# Lucid Dreaming > DV Academy > Current Courses > DILD >  >  BBS's Workbook

## BBS

Hello, I will be known as BBS around here, I am 16 years old and from the United Kingdom

Lately I have had trouble dreaming, and I hope to be able to lucid dream.

My aim now is to be able to dream or even lucid dream.

----------


## gab

Welcome to DILD class!

You know, when people don't remember their deams, they think that they don't dream at all. But they do. There is a few things you can try to start remembering your dreams. Please check out this article - Collection of techniques for DILD.

Dream journal is absolutelly essential. It will let your mind know, that dreaming and remembering them is important to you.

But I bet, that just by reading dreamviews, thinking about your dreams and dreaming in general will help you start remembering them.
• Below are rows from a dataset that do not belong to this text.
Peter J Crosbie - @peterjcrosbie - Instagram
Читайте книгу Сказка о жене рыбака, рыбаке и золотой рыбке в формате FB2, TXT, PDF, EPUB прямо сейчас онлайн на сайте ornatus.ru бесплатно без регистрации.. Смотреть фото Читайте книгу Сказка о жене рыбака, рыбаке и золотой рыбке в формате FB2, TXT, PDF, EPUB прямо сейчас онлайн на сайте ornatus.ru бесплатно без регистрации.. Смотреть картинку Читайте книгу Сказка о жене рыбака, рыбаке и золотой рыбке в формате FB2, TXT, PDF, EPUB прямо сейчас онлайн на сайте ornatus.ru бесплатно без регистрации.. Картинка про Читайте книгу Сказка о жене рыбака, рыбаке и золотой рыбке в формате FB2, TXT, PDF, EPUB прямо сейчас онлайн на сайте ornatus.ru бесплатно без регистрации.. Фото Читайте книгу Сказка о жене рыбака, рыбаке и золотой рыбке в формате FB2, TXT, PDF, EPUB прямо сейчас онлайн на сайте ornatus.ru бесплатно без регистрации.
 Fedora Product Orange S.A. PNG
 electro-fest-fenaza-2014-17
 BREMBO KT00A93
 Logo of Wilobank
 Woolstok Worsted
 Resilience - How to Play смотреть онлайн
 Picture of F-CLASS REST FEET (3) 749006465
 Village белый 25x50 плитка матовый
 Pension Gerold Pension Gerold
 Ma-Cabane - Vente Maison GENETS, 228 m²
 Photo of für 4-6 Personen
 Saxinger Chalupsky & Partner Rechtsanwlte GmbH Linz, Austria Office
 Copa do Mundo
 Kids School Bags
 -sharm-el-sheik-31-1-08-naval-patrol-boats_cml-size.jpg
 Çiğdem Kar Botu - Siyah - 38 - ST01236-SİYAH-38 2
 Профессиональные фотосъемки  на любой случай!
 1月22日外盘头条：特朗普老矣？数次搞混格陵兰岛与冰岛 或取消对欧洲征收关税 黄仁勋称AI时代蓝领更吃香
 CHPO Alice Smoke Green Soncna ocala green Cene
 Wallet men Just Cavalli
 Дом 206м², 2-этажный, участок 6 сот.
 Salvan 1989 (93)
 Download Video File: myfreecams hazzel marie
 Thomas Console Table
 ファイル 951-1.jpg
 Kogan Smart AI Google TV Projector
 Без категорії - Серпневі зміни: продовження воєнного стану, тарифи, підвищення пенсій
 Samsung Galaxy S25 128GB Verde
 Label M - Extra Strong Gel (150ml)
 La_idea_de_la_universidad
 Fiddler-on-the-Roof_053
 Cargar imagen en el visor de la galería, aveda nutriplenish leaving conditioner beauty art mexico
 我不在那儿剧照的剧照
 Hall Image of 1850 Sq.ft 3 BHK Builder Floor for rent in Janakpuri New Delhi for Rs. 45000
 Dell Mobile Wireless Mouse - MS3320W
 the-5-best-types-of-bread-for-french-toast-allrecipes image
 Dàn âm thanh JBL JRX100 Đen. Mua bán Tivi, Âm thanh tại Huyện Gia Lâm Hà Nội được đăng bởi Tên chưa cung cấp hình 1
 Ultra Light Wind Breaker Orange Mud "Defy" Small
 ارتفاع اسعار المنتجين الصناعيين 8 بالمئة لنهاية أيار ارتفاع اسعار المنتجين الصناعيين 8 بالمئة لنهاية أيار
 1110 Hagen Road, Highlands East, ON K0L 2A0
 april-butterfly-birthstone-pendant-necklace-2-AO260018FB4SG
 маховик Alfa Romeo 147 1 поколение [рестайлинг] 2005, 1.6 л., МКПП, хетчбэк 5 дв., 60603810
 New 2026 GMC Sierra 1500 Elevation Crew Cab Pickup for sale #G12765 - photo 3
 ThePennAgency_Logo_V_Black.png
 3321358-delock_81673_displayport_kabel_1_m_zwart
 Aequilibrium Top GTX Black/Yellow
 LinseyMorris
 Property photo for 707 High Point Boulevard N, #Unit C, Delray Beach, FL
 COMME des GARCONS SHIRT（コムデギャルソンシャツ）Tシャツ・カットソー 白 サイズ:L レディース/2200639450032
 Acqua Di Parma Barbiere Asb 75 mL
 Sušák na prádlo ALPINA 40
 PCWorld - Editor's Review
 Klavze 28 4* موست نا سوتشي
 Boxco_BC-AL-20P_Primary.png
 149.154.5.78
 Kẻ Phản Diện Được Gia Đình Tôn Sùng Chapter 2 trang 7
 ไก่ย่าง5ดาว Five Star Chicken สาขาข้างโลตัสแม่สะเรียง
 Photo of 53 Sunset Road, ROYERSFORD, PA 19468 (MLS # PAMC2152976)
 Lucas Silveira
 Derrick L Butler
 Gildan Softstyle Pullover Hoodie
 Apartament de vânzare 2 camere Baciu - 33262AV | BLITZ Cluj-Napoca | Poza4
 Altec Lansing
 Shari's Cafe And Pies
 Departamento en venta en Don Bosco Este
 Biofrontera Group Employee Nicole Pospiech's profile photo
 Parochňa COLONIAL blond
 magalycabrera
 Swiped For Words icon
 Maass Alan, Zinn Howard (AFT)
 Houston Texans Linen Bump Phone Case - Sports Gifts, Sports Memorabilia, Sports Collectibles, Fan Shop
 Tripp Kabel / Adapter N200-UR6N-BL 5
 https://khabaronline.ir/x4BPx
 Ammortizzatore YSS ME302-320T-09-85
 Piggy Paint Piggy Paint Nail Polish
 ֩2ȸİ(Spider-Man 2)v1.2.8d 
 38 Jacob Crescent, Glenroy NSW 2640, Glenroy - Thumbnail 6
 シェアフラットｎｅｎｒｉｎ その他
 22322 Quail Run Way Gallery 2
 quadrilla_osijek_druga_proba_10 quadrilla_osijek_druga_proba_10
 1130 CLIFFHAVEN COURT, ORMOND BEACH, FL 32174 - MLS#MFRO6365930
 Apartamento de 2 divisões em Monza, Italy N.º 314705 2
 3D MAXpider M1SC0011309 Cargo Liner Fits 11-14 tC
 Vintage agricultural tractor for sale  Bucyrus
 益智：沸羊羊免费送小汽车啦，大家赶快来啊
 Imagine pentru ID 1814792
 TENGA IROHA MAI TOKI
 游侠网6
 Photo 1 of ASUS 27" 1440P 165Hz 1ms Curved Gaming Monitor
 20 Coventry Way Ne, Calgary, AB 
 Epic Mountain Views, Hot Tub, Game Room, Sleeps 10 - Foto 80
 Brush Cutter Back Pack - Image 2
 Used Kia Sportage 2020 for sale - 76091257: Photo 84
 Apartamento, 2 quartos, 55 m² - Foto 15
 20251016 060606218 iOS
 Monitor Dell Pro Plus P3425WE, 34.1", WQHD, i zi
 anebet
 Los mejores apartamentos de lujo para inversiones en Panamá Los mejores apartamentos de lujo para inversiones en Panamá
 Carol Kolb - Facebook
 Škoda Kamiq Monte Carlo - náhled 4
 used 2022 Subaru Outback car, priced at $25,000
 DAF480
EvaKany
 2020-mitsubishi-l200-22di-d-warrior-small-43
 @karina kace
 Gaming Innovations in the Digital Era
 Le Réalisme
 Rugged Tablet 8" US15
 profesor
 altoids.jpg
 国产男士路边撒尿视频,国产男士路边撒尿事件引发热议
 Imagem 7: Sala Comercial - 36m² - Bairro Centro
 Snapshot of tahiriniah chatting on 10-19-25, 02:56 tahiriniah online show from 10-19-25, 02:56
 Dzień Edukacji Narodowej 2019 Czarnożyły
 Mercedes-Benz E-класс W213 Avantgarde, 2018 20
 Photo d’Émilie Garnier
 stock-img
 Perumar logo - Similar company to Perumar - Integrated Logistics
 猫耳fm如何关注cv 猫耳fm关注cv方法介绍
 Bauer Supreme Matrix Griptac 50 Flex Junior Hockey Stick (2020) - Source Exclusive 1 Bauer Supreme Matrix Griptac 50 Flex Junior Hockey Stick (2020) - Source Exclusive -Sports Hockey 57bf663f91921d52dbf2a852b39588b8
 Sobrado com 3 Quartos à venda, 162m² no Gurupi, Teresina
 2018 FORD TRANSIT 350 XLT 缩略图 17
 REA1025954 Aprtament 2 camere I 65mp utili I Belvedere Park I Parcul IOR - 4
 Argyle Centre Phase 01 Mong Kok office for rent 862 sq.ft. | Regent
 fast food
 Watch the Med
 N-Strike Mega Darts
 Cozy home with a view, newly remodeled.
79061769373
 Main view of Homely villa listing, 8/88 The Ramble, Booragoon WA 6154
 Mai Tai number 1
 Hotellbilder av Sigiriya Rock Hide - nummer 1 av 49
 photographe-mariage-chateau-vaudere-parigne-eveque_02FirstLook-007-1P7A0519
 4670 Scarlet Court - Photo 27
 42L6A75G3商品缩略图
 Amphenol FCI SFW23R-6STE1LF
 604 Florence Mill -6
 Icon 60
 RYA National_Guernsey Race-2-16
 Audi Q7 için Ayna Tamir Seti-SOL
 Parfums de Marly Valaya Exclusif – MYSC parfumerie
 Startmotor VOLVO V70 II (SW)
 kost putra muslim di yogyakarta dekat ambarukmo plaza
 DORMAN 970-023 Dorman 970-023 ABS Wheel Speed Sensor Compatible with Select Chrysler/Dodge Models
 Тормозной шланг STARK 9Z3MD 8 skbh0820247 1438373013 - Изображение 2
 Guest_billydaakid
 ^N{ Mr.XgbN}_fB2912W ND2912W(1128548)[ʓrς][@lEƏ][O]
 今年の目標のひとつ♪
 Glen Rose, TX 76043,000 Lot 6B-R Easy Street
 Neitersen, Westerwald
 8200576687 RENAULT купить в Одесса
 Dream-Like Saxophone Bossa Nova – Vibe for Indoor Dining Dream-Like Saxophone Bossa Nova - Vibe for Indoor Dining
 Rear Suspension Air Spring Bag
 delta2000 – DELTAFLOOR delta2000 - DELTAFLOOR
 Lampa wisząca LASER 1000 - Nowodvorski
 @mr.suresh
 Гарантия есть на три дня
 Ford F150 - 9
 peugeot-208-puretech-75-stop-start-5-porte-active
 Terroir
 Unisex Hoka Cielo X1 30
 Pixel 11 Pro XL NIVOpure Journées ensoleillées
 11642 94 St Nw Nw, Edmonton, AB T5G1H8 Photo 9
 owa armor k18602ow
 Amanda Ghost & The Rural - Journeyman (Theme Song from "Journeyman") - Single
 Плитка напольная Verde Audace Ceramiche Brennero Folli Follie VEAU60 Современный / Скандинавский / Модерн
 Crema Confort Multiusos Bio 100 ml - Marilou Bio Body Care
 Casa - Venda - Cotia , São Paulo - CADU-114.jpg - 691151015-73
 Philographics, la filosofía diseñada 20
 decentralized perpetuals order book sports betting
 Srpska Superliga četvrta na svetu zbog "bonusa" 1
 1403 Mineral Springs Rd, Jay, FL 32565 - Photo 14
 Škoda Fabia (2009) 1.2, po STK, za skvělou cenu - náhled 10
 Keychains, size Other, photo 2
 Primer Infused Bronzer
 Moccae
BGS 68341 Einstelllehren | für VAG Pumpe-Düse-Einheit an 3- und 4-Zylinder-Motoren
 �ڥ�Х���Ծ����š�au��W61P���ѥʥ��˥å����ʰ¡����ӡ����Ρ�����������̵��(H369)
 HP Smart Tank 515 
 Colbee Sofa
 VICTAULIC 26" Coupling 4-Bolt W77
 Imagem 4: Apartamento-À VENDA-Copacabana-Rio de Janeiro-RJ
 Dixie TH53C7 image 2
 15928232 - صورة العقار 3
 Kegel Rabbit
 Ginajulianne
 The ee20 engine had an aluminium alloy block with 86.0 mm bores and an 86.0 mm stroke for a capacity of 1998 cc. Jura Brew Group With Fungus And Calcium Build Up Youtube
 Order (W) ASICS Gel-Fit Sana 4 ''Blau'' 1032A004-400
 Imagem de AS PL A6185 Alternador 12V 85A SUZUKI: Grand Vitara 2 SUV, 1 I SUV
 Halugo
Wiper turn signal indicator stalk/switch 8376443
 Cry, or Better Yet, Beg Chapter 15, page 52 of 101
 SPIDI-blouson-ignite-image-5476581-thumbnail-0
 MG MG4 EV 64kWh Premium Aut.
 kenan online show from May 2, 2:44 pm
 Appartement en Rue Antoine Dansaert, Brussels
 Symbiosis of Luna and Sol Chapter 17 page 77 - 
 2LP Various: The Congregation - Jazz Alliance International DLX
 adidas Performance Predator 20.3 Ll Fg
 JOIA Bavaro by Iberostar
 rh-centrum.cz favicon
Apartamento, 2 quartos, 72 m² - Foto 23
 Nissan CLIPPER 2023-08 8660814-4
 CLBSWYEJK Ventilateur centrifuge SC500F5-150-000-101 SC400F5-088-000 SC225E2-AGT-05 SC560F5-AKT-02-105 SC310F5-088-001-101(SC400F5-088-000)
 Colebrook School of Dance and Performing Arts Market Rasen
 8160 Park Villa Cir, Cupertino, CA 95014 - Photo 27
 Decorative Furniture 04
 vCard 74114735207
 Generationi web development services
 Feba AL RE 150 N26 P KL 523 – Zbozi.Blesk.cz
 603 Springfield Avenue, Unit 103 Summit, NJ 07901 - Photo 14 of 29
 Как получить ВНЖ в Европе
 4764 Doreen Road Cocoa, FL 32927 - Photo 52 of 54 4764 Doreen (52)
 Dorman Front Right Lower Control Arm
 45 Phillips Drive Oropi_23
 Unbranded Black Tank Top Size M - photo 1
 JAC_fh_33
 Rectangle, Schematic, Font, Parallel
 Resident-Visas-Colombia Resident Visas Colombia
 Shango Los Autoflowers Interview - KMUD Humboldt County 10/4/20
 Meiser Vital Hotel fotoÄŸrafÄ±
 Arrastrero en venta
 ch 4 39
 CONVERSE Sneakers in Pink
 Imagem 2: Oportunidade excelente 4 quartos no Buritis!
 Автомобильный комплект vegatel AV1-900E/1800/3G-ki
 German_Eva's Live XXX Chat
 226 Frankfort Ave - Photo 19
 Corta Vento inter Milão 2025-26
Keep me posted and please ask any other questions you may have. To get you to start remembering your dreams is very easy, everybody achieves that, and then we can start working on your lucid dreams. Happy dreams ::alien::

----------


## BBS

Looking to start a workbook again and get back into Lucid Dreaming, can you give me any suggestions on the easiest method, Gab?

----------


## FryingMan

Hi BBS!
   I think the easiest (well at least the simplest to describe[*]) approach to build a dreaming practice is just to resolve to pay attention to all your life experiences: waking, or dreaming, all of them.   Do RCs, sure, but more importantly, be mindfully aware of what's going on with and around you.   Try to gradually spend less and less time being "zoned out."   Rather, strive to remain "tuned in."   Then, practice recalling these experiences.   At the end of the day, recall your day's experiences.  When you wake up in the morning, recall your dreaming experiences.     Reflect upon your experiences (both while you're in the middle of them and later when recalling them) and look for dream-like phenomena.  Pay attention, reflect, recall, both day and night.  Build a life upon those things and your waking life will be more enjoyable and your dreaming life will blossom.   Do that, and the LDs will surely come.
[*] LD practice is not what I'd call "easy."  It takes dedication, determination, diligence, and patience.  It's a life-long journey of personal discovery of consciousness, awareness, sleeping and dreaming.  Love the journey!

----------